Task instructions: Go to the line holding "Sandra Brown - Focul mocnit din paradis" in the entries below and write out exactly every line down to and including the line holding "Get Set to Win: A".

Crawled caption data
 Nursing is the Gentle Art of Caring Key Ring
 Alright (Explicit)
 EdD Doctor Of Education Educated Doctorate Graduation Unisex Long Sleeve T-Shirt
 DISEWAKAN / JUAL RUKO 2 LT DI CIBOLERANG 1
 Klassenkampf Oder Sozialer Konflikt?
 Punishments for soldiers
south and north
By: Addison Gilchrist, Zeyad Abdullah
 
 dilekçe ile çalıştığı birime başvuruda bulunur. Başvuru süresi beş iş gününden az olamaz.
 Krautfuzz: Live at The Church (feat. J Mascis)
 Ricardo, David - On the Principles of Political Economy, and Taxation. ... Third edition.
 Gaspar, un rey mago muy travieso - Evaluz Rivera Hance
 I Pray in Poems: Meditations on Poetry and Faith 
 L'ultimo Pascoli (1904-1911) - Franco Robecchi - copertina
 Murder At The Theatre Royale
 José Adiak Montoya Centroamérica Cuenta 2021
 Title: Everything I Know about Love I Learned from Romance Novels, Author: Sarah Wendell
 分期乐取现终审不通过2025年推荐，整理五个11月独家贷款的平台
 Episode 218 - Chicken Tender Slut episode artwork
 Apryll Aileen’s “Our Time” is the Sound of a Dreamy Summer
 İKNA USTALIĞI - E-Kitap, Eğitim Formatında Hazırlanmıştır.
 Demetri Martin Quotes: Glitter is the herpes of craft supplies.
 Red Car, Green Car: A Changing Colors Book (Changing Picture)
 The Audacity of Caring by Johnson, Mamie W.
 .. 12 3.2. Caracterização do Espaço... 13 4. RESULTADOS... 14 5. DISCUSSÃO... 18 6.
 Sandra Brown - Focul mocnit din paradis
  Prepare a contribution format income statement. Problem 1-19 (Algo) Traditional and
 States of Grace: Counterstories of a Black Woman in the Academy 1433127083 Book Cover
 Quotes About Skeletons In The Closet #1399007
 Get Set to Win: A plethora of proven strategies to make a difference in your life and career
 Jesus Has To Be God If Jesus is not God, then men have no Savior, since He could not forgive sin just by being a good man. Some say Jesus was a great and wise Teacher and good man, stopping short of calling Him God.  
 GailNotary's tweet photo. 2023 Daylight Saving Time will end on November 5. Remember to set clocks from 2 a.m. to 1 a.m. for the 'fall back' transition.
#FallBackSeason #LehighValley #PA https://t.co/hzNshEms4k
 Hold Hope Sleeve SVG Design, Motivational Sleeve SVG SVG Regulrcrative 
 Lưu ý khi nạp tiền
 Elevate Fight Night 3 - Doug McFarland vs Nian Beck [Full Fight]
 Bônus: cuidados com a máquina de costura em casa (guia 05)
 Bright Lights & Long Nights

Answer for the task:
 Sandra Brown - Focul mocnit din paradis
  Prepare a contribution format income statement. Problem 1-19 (Algo) Traditional and
 States of Grace: Counterstories of a Black Woman in the Academy 1433127083 Book Cover
 Quotes About Skeletons In The Closet #1399007
 Get Set to Win: A plethora of proven strategies to make a difference in your life and career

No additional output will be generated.